I think I would say completing my PhD! I had to motivate myself with reminders that this degree was something I wanted, that I genuinely cared about the work I was doing, and that my work was a valuable new addition to my field. I hope to continue to use what I added to the my field’s knowledge base in the process of finishing my PhD by continuing to expand on how we use satellite measurements of reflected sunlight to study climate change.
What was the most difficult moment of your career? What did you learn?
I don’t know if I can think of a single difficult moment in my career, but I’m typically very hard on myself, particularly when preparing for times when I know I’ll be evaluated. This includes submitting reports or proposals, holding status update meetings, and preparing presentations. During these times, I have found it most helpful to get feedback from external sources such as my colleagues and mentors. The feedback they give me is much more realistic and objective than the particularly harsh criticism I often give myself. Relying more on this external feedback has helped me to evaluate myself a bit more realistically when I’m especially stressed.
Who has been the biggest influence on your life, and what lessons did they teach you?
I have had the honor of crossing paths with many wonderful people from whom I’ve learned several invaluable lessons, but one of the first and most significant influences on my life was my maternal grandfather. He taught me how to read and how to do basic arithmetic at a very young age. He also taught me how to ride a bike, which led to my learning another life lesson from him: “No pain, no gain!” I think I can attribute my tenacity in solving problems to him. He wouldn’t let me give up on tasks and encouraged me to set my mind to them.
How has your career been different than what you’d imagined?
Even though I always knew that I wanted to do something related to the atmosphere, for a long time, I didn’t have a clear idea of what I wanted to do. Finally, after having some experience doing research in graduate school, I realized that research would be fun and a good fit for me, so I started looking for positions in that vein. I didn’t just expect, however, that I would end up here at NASA Langley! It was a pleasant surprise that there was a good place for me to fit in here.
Did you have to overcome any gender barriers in your career?
I don’t think I’ve encountered any serious gender barriers. Women are certainly a minority in atmospheric science, and I often realize that I’m either the only woman or one of a mere handful of women in the room. I do appreciate the strong, successful women that I have encountered in my field thus far and the support that I have gotten from them. Whether you encounter gender barriers or not, I would recommend seeking out the community, friendship, and mentorship of the strong women around you so you have the support you need when difficult situations arise.

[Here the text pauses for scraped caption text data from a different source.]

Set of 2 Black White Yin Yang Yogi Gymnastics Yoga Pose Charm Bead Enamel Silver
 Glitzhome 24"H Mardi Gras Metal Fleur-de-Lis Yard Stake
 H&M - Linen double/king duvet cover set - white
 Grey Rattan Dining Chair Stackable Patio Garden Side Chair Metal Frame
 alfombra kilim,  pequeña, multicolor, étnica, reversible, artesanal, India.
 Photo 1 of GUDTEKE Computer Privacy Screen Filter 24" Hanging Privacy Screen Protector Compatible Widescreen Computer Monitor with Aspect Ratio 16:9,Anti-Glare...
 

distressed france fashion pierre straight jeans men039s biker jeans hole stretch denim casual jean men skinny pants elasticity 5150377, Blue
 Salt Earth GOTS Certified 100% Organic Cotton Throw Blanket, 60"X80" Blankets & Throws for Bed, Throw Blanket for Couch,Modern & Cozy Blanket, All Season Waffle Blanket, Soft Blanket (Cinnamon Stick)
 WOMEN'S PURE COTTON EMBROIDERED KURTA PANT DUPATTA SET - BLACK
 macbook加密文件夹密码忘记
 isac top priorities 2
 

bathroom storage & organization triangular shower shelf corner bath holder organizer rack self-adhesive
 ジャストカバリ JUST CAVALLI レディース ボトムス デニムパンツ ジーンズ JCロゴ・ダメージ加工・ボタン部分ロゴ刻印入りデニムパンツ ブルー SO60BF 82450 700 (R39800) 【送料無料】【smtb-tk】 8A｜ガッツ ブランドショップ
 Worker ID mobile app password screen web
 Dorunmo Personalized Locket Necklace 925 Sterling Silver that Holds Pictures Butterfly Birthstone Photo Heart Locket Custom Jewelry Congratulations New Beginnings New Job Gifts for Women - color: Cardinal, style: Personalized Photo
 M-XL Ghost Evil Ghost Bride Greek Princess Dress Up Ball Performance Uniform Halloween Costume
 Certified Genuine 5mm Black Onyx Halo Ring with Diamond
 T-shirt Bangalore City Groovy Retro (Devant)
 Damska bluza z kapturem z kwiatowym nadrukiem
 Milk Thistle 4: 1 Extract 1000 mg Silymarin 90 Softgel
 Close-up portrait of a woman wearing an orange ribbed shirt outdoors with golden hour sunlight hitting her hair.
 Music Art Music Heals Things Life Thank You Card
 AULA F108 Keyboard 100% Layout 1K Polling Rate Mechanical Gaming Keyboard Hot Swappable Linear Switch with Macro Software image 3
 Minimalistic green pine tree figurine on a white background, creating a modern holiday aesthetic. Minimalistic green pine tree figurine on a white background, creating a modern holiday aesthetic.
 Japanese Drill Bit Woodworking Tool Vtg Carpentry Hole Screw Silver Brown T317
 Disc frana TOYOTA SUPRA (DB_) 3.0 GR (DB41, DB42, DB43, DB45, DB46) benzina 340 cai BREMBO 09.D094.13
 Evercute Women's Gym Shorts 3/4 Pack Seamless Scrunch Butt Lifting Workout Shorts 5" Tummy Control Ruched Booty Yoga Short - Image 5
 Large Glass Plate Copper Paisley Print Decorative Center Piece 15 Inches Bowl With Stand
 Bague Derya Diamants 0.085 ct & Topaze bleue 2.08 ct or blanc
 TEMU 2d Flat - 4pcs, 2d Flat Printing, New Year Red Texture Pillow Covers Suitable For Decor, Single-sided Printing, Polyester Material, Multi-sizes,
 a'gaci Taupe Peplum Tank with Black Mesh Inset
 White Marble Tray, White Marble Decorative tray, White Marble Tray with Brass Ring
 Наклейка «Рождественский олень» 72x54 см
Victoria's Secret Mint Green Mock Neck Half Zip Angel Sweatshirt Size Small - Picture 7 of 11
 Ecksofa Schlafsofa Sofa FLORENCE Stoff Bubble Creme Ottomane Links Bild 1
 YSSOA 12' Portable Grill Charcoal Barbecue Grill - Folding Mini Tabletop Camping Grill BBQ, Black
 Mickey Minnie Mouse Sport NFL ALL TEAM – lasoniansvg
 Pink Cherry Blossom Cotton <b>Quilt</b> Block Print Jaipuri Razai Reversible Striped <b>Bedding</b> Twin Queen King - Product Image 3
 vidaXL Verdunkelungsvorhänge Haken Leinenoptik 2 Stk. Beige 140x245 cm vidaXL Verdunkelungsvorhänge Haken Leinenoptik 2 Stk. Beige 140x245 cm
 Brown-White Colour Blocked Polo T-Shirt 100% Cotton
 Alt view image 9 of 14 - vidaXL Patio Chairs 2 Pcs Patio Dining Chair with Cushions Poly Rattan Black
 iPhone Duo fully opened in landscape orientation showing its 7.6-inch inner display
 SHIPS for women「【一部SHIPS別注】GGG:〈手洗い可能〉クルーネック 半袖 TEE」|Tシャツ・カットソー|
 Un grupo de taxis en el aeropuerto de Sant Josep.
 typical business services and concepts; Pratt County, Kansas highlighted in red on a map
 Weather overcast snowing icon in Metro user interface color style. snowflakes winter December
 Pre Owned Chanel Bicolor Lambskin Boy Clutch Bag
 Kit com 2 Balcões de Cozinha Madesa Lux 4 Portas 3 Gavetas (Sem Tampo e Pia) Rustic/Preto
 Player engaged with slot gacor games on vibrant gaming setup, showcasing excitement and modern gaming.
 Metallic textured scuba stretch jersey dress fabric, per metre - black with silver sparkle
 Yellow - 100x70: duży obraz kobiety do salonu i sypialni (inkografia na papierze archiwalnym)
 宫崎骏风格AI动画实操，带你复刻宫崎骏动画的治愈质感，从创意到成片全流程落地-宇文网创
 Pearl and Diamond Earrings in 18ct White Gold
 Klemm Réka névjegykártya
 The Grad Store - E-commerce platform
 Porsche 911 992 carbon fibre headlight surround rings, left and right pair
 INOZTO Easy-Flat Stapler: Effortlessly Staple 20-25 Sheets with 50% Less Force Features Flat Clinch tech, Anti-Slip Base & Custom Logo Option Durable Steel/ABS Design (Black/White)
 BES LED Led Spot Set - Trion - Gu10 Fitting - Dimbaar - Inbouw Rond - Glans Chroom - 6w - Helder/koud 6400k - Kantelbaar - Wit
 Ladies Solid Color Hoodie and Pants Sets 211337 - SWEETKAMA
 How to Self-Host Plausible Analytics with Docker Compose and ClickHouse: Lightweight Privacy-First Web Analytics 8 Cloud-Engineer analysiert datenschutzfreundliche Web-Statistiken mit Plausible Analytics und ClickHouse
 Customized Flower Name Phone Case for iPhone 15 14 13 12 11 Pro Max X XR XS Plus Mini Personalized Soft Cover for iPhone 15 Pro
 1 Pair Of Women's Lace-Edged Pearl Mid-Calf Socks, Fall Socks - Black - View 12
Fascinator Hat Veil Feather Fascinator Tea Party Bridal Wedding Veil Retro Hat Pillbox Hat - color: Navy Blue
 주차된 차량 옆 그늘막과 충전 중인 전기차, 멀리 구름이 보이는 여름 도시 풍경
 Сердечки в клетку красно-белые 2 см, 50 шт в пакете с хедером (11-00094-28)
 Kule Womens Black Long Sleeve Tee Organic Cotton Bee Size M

What does your future hold?
At this point, I haven’t been a NASA a year yet, but I think there are great opportunities here for me to grow as a scientist and leader in my field, and that there are ways that I can contribute to our knowledge base in atmospheric and climate science. Since those are some of my life-long career goals, I hope my future includes continuing to work for NASA for a large chunk of my career (at least!).
What one piece of advice would you like to pass on to the next generation?
Learn how to take criticism well! It can be hard to hear critical comments about yourself and your work, but find mentors and colleagues who can deliver direct, constructive criticism without breaking your spirit. Then learn how to use that information to further improve your skills. This has served me well thus far, and I intend to continue to hone this skill of receiving criticism well and using it for my benefit (and ultimately the benefit of others).
Any other advice you would like to leave us with?
Always work hard and try your best regardless of what you do, but remember not to isolate yourself! Yes, it is important to commit yourself to your passions at work, but find other activities outside of work that you enjoy as well. Your brain will thank you for the break and change of pace, and it will likely serve you well in the workplace too!